As blogged earlier, I’m thinking of model that has an ordinal response $y_{ik} \sim (\pi_{ik})$ for individuals $i=1, \ldots, n$  for categories $k = 1, \ldots, K$.    (One of my favourite errors is when I forget to set the y values to be 0,1,K. for use in python).    There are constraints such that $\displaystyle{\sum_{k=1}^K \pi_{k}=1}$ for all $i$.

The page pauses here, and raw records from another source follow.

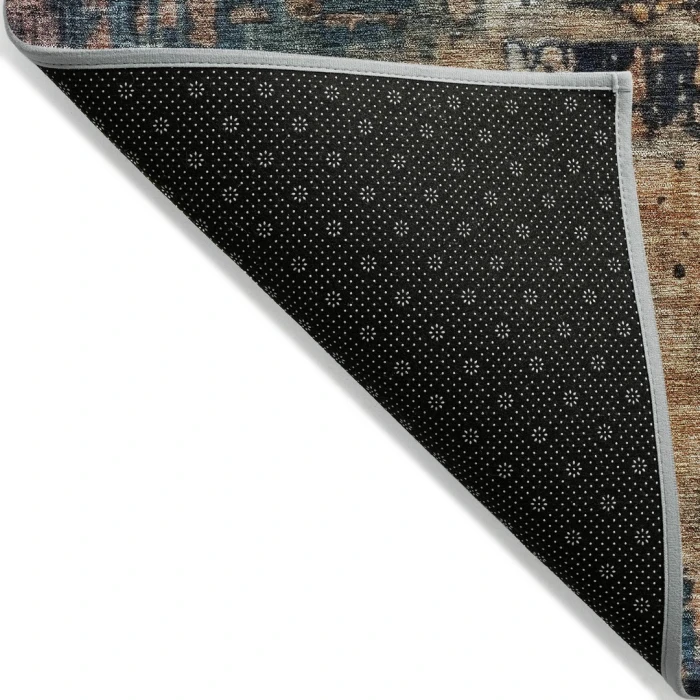 Addison Rugs Chantille Teal ACN1206 8ft. x 10ft. Rect. Rug
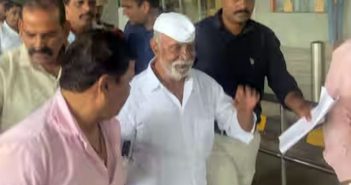 अखेर १८ वर्षे शिक्षा भोगल्यानंतर अरुण गवळी तुरुंगाबाहेर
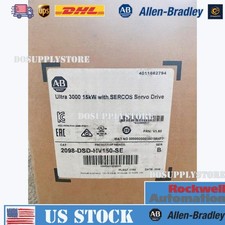 2098-DSD-HV150-SE AB Ultra 3000 15kW with SERCOS Servo Drive US Free Tax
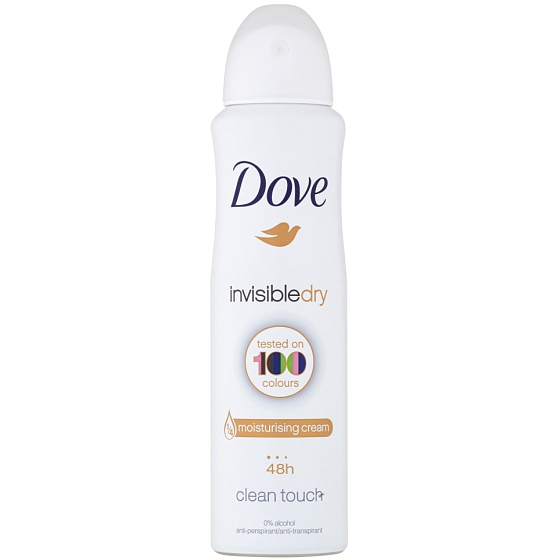Dove Invisible Dry antiperspirant deodorant sprej pro ženy 150 ml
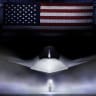 Artist's rendering of the Boeing F-47 fighter jet.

For ordinal logistic regression we relate $\pi_{ik}$ to a linear predictor $\boldsymbol{\beta X}$.   This is done in two stages.   First we can write $\eta_i = \beta_1 x_{i1} + \ldots + \beta_p x_{ip}$.    There’s no intercept; what makes all this tick is that we have a set of cutpoints $\zeta_k$ where $-\infty < \zeta_{k} < \infty$ for cutpoints $1\mbox{ to }K$ ( need to tidy the notation here as we only need $K-1$ cutpoints).   For ordinal logistic regression we take $\mbox{logit} \big( Prob[Y \leq k |\boldsymbol{X}] \big) = \zeta_k -\eta_i$.   This is then a cumulative link model.

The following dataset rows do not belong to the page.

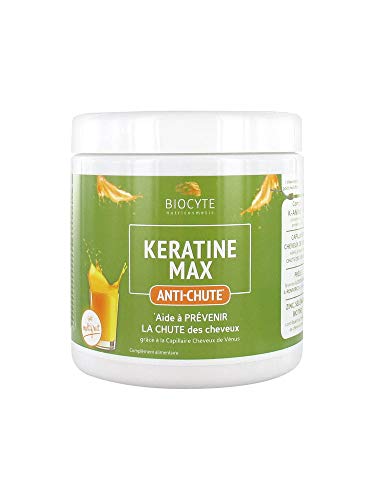 Biocyte Keratine Max Poudre à Diluer Multi-Vitamines et Minéraux 240 g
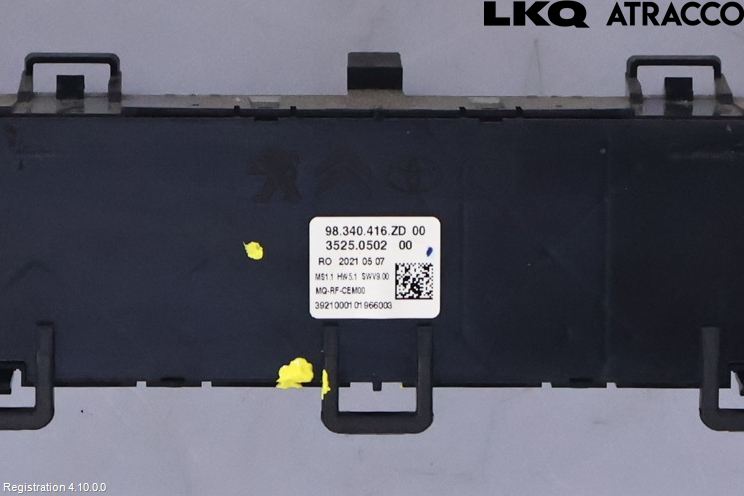 Toyota PROACE II 16- Varme Ac Betjening-Display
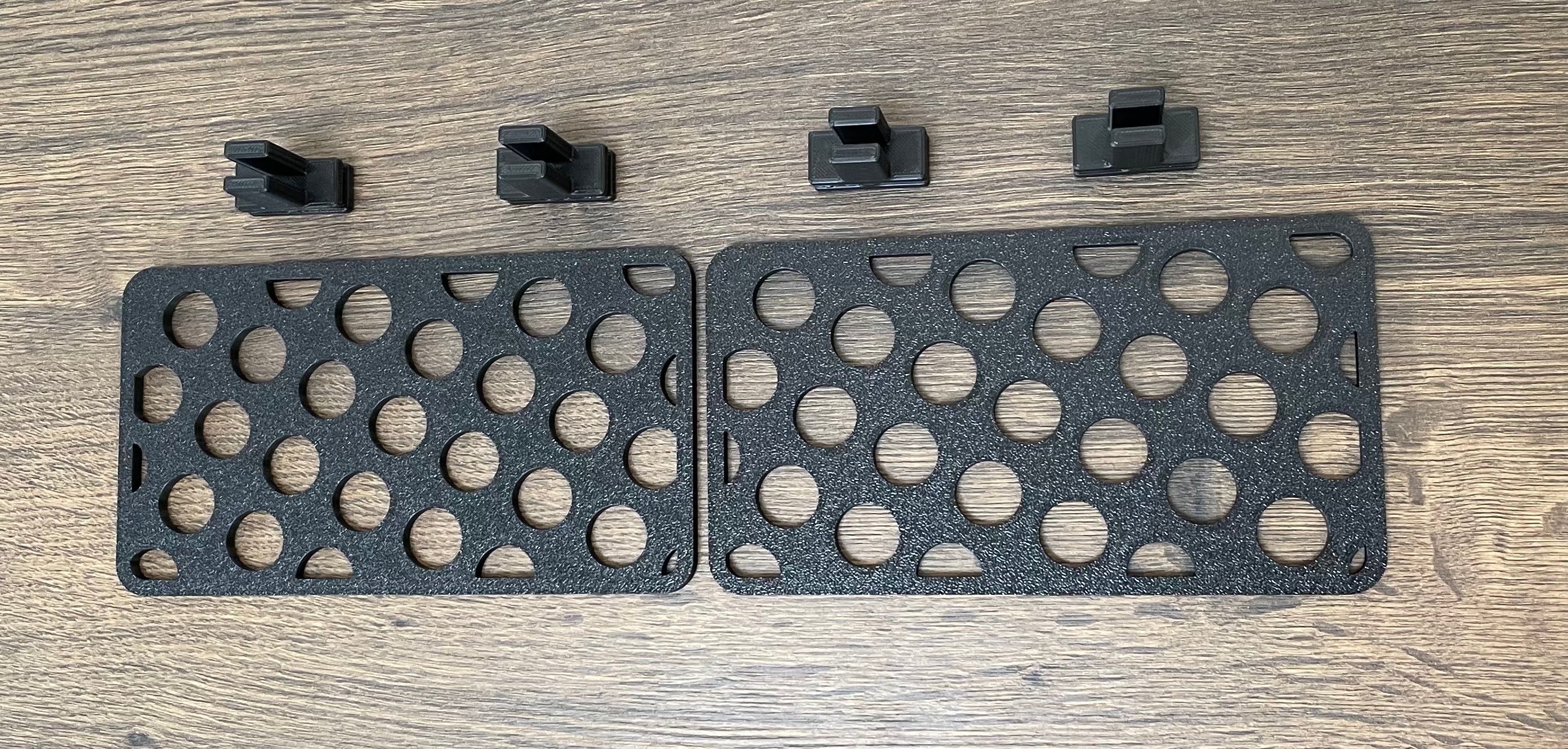 Pack of 1, 2, or 4 Motorhome/Caravan fridge guards.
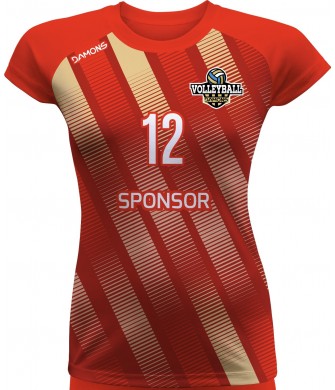 Koszulka Sportowa Dziewczęca Vega Pro P15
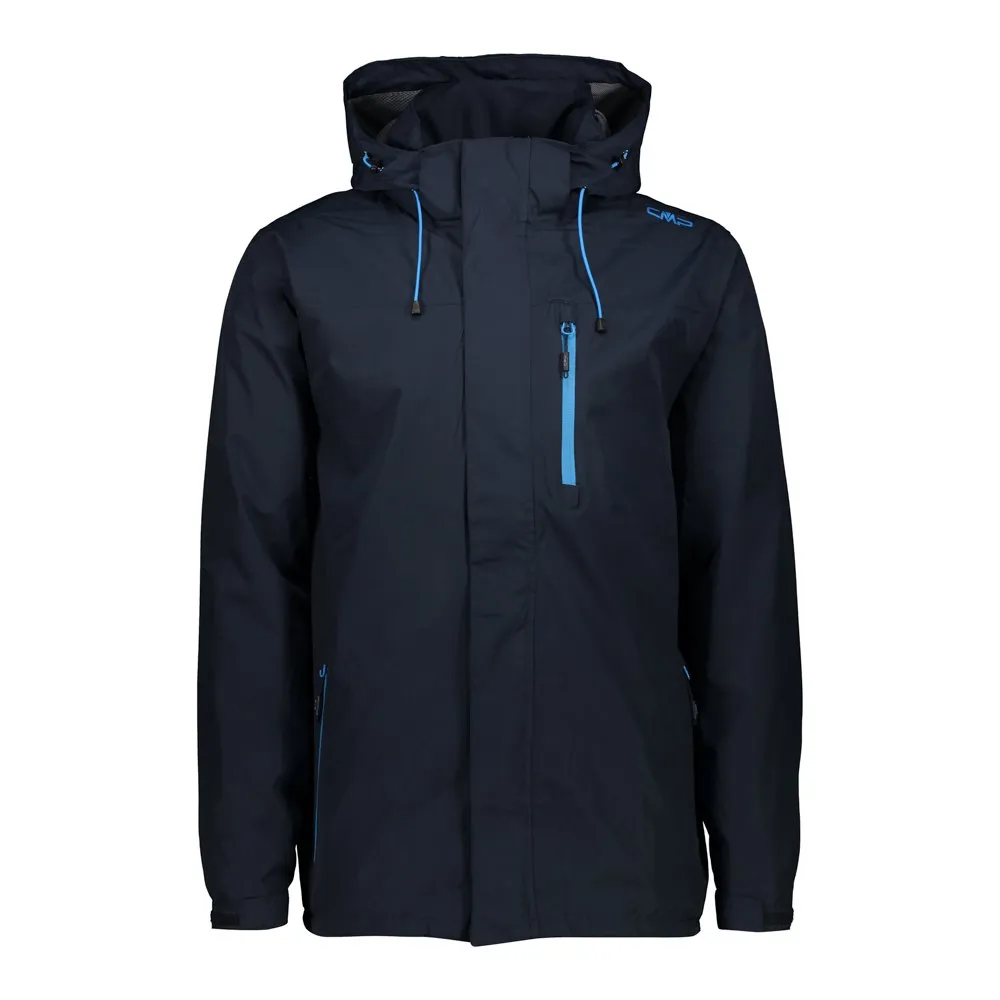 CMP 30x9727 Rain Zip Hood Jacka CMP 30x9727 Rain Zip Hood Jacka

When fitting the model we have to estimate both the values of the “fixed effects” $\boldsymbol{\beta }$ and these cutpoints $\zeta_{k}$.   All ran OK below in jags, now I just want it to work in pymc.

I’ve taken some data from Kevin Quinn which has a seven point scale, and (too many) predictor variables.   This is processed into a file clinton.csv referred to below.



brand = branddata[:,0]
X = branddata[:,1:7]

N = brand.size
K = 7 ## y.max

from pymc import Normal, Lambda, stochastic, deterministic, observed, Categorical, invlogit, LinearCombination
import numpy as np

## Here are the priors

#### First, try to control the initial values somewhat

initbeta = np.ones(6)/200
beta = Normal('beta', mu=1.0, tau=0.001, value=initbeta)

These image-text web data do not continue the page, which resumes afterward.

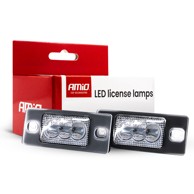 AMIO LED svjetla za osvjetljenje registarske pločice, CLP11 HP, za Porsche i VAG, AMIO-04551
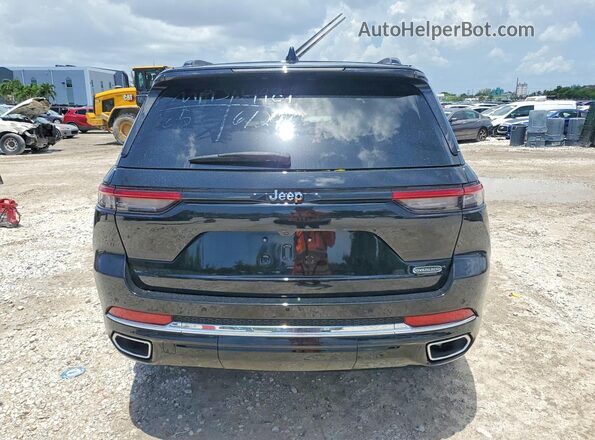 1C4RJGDG5PC544989 2023 JEEP GRAND Black Rear view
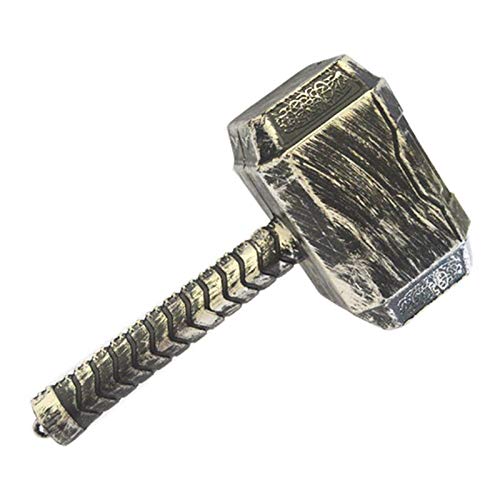 THOROVO KLADIVO MJOLNIR AVENGERS THOR 25cm STRIEBORNÉ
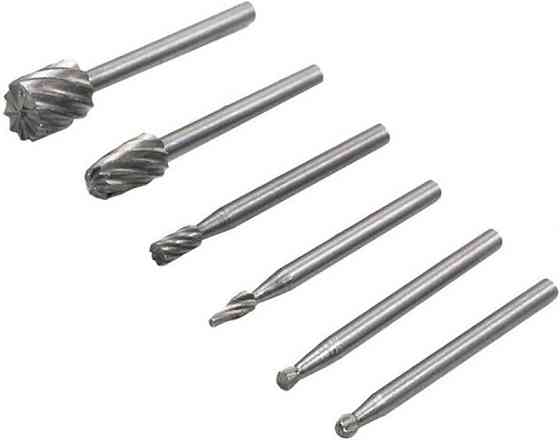 Набір з 20 брфрез кульок по дереву для гравера Dremel, HS сталь Винница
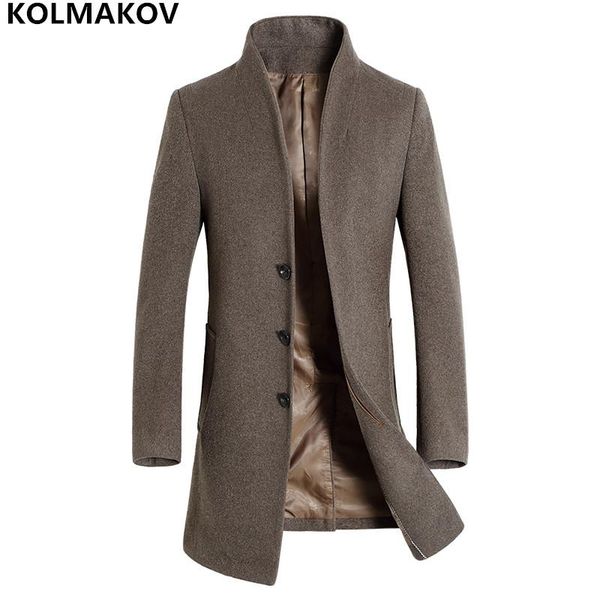 men's wool & blends 2021 brand trench coats long classic casual woolen autumn winter dress windbreaker men slim fit full size m-3xl, Black
men's wool & blends 2021 brand trench coats long classic casual woolen autumn winter dress windbreaker men slim fit full size m-3xl, Black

#### which gives rise to the Linear predictor (does it need to be lambda functions?)
eta = Lambda('eta', lambda beta=beta, X=X:np.dot(X, beta))

## Ditto, set initial values for zeta

initzeta = [-4,-3,-2,-1,0,1]
zeta = Normal("zeta", mu=0, tau=0.001, value = initzeta)

#### Follow jags trick of simulating K-1 cutpoints and sort them
#### The \$0.02 question is whether I can wrap this with the instantiation of zeta
## (or whether I need it at all)

@deterministic
def zetasort(zeta=zeta):
zsort =np.array(zeta, copy = True)
zsort.sort
return(zsort)

## cumulative log odds
## some legacy code in here when I was sorting zeta, but then couldn't figure
## how to monitor it, commented out in case I can simplify later

@deterministic
def cumlogit(eta=eta, zetasort=zetasort, brand=brand, K=K,N=N):
cl=np.zeros(shape=(N,K-1))
##np.array(zeta).sort
for index in range(N):
for jndex in range(K-1):
##cl[index,jndex] = zeta[jndex]-eta[index]
cl[index,jndex] = zetasort[jndex]-eta[index]
return(invlogit(cl))

## next I need to decumulate
## I don't like here are the index counters, might have them wrong (set from zero!)

@deterministic
def p(cumlogit=cumlogit, K=K, N=N):
pee=np.zeros(shape=(N,K))
pee[:,0] = cumlogit[:,0]
pee[:,1:K-1] = cumlogit[:,1:K-1] - cumlogit[:,0:K-2]## there's a nasty slicing rule here
pee[:,K-1] = 1 - cumlogit[:,K-2]
return(pee)

##np.sum(p.value, axis=1) ## just there to remind myself how to check

y = Categorical('y', p=p, value=brand,  observed=True)



It’s the next bit where I get rather impressed by pymc. Driving the model building process is something here I’m really learning to appreciate.

import pymc
import clinton

mymodel = pymc.Model(clinton)
mygraph = pymc.graph.graph(mymodel)
mygraph.write_png("graph.png")

myMAP = pymc.MAP(clinton)
myMAP.fit()
myMAP.AIC
myMAP.zetasort.value
myMAP.beta.value

M = pymc.MCMC(clinton)
M.isample(10000,5000,thin=5,verbose=1)



I do like being able to get the graphs out (and interrogate them).

Now, all that remains is to reconcile the results with those you get in R. There does seem to be some vagueness in the relationship between some of model terms and the response.